▶ _Exercise_
Your answer must be the exact lines from the one holding "Volkswagen Bus 'WheelJack'" through the end of the entries, with no pictures.

▶ _Data in this exercise_
= = = =

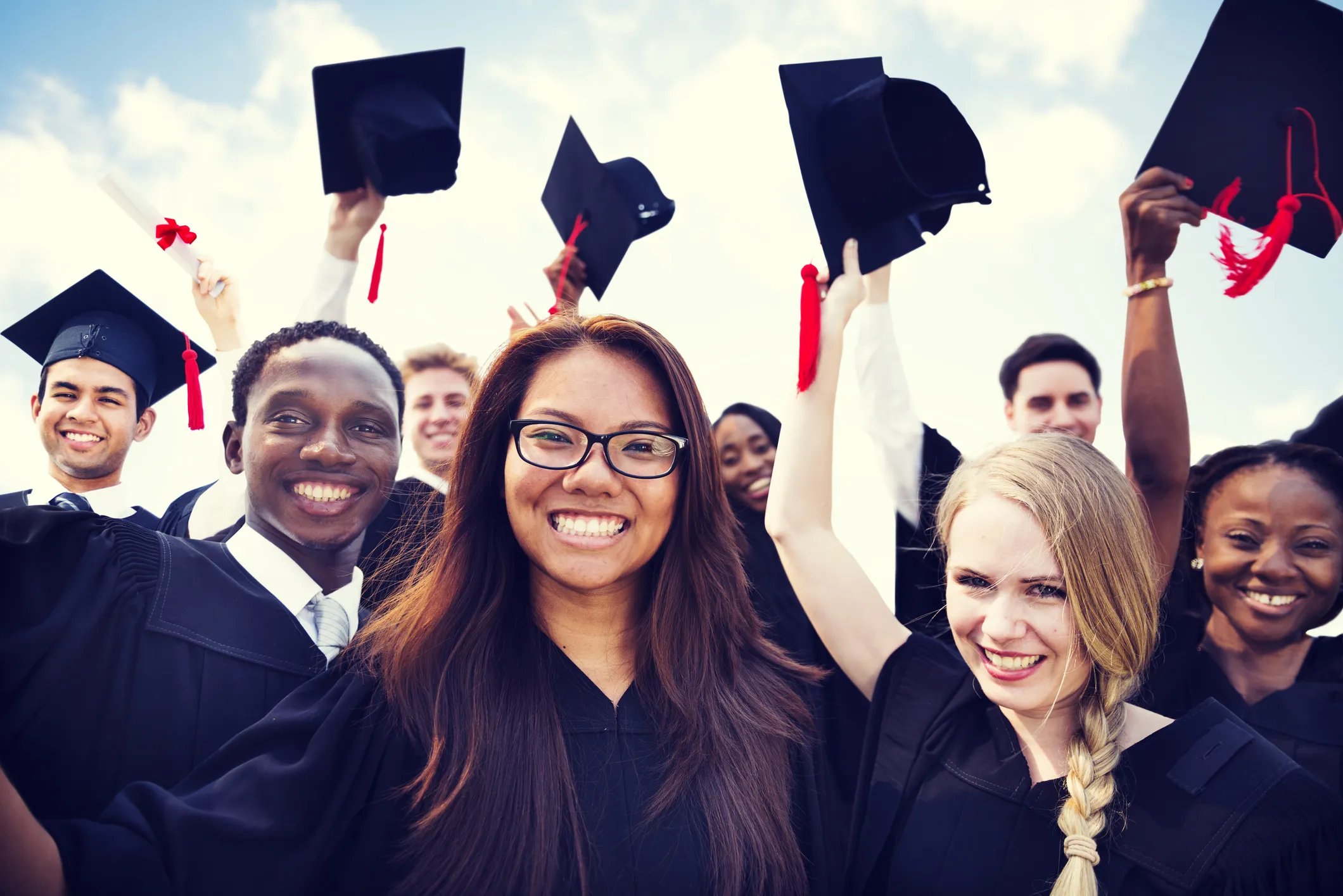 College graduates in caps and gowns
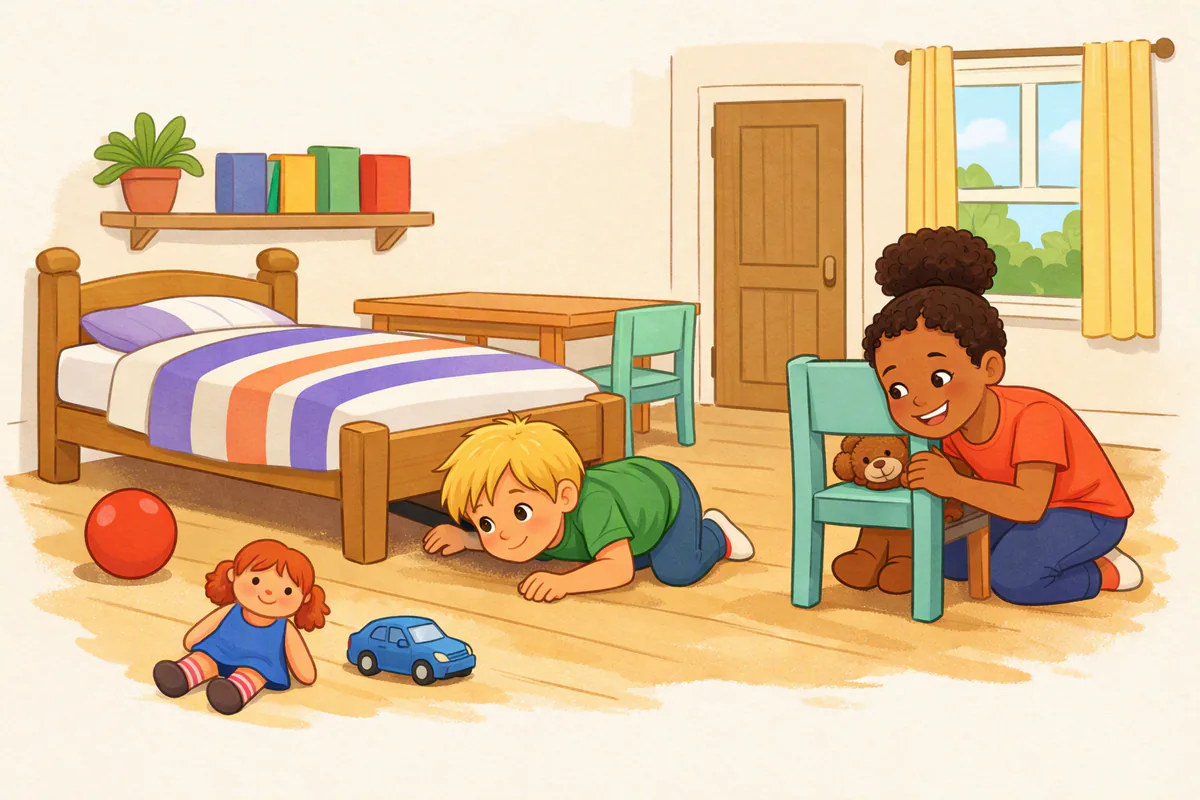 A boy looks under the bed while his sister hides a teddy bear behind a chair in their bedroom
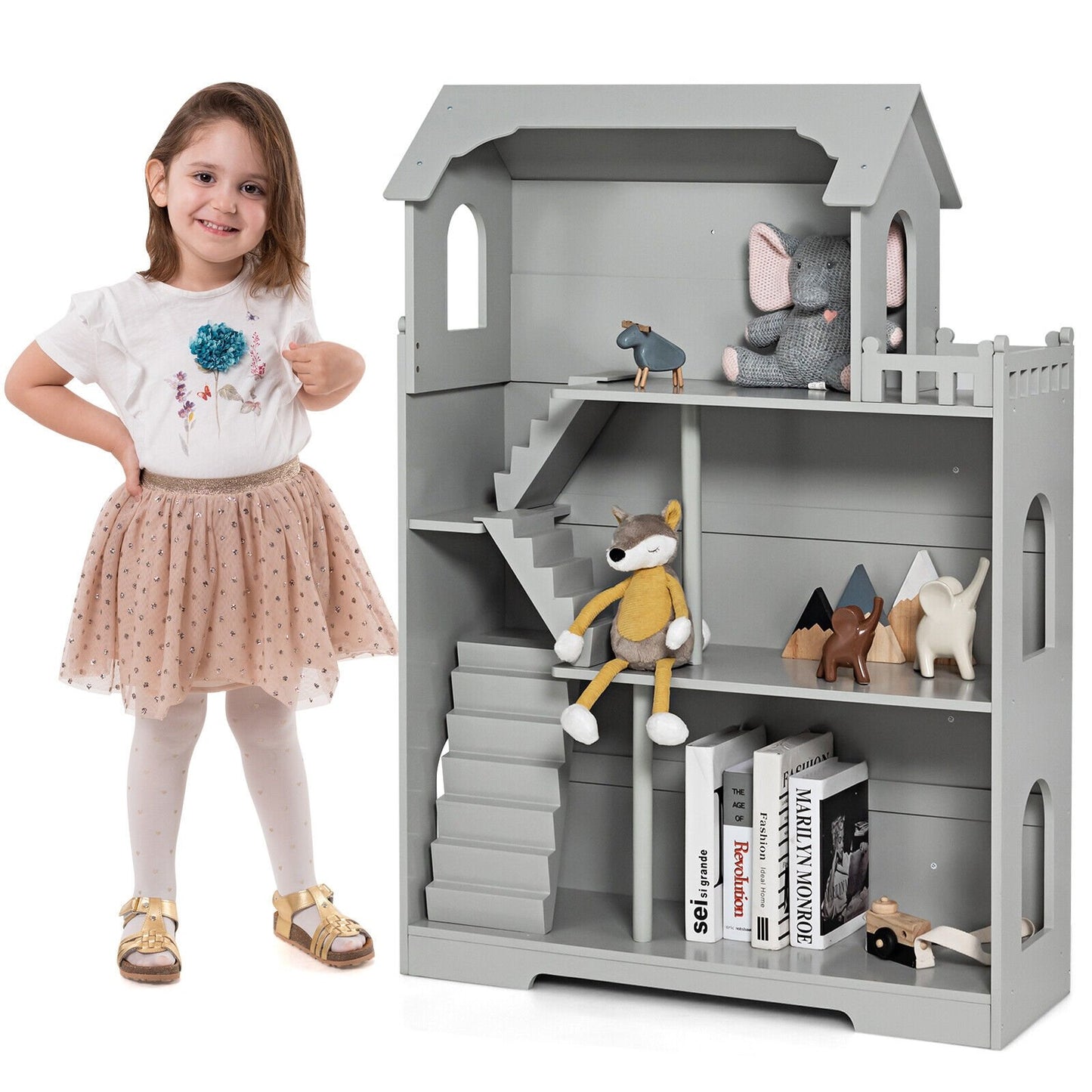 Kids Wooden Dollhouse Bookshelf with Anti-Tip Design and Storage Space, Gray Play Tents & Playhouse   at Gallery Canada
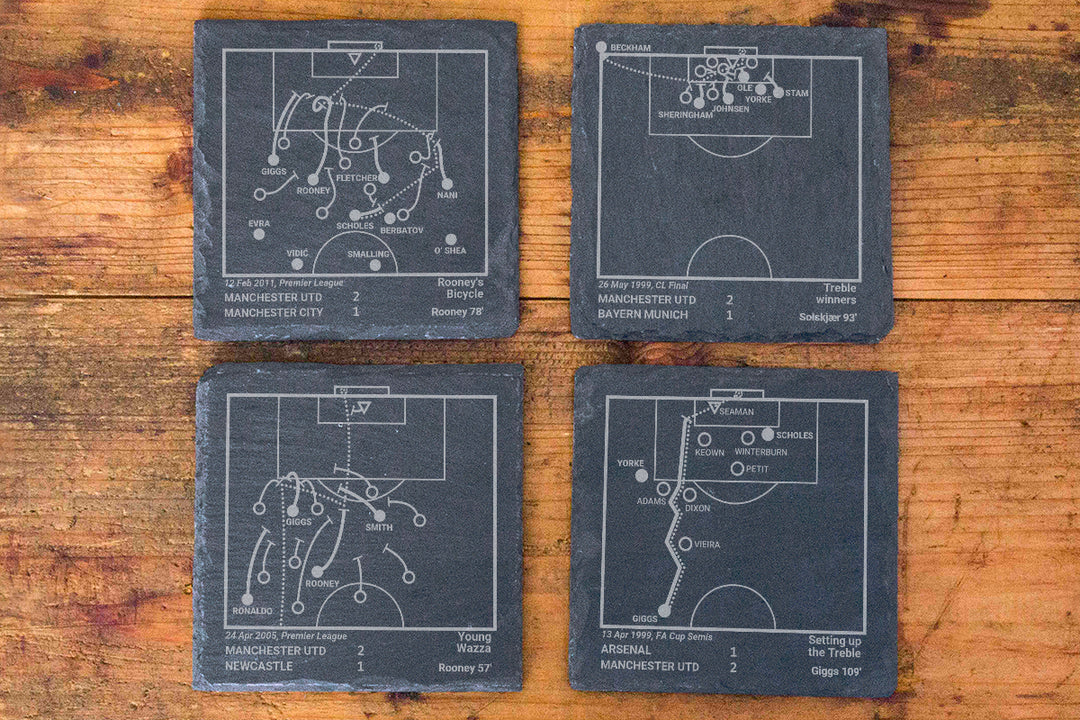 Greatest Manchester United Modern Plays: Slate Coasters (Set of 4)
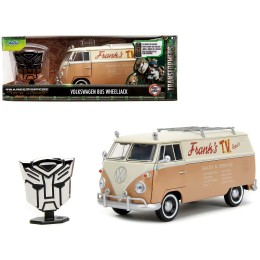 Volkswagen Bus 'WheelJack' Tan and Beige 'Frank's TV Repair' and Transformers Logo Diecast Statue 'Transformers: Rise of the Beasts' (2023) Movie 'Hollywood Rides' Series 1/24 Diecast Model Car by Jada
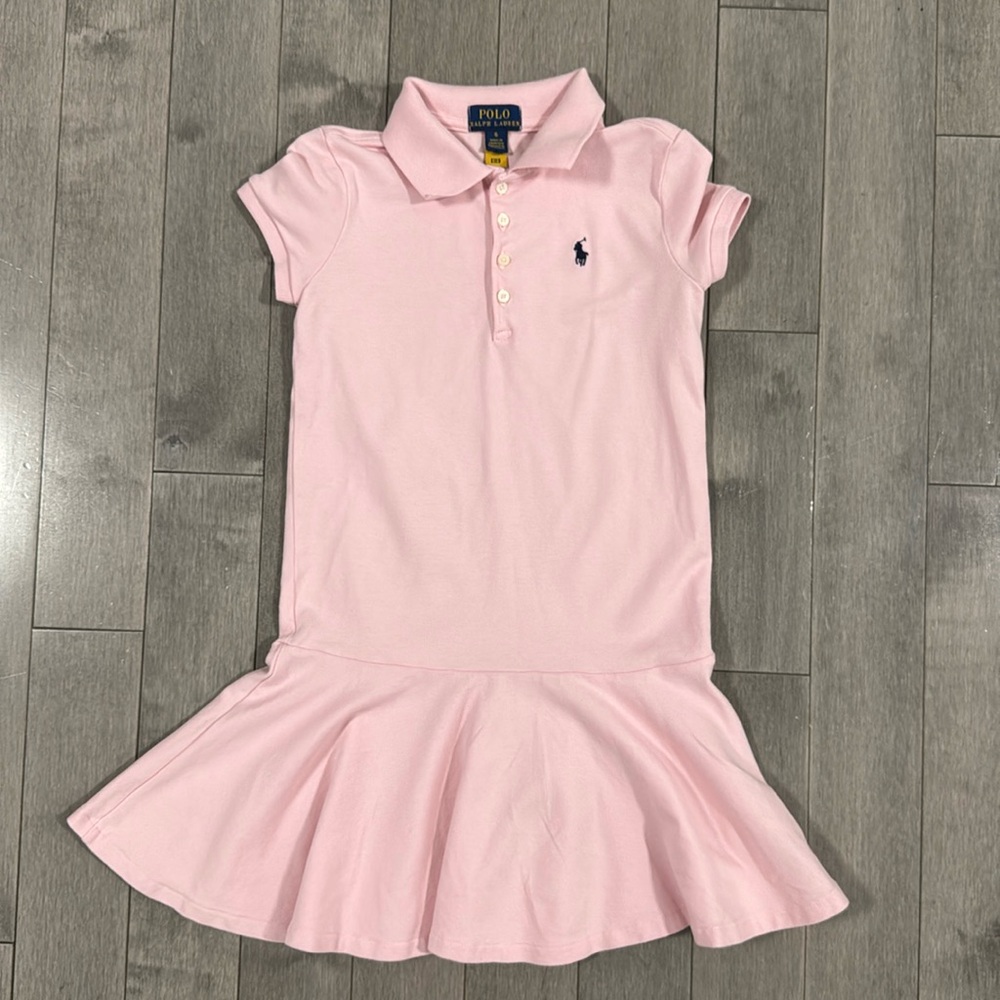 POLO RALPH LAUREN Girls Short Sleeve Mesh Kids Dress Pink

= = = =

▶ _Written answer_
 Volkswagen Bus 'WheelJack' Tan and Beige 'Frank's TV Repair' and Transformers Logo Diecast Statue 'Transformers: Rise of the Beasts' (2023) Movie 'Hollywood Rides' Series 1/24 Diecast Model Car by Jada
 POLO RALPH LAUREN Girls Short Sleeve Mesh Kids Dress Pink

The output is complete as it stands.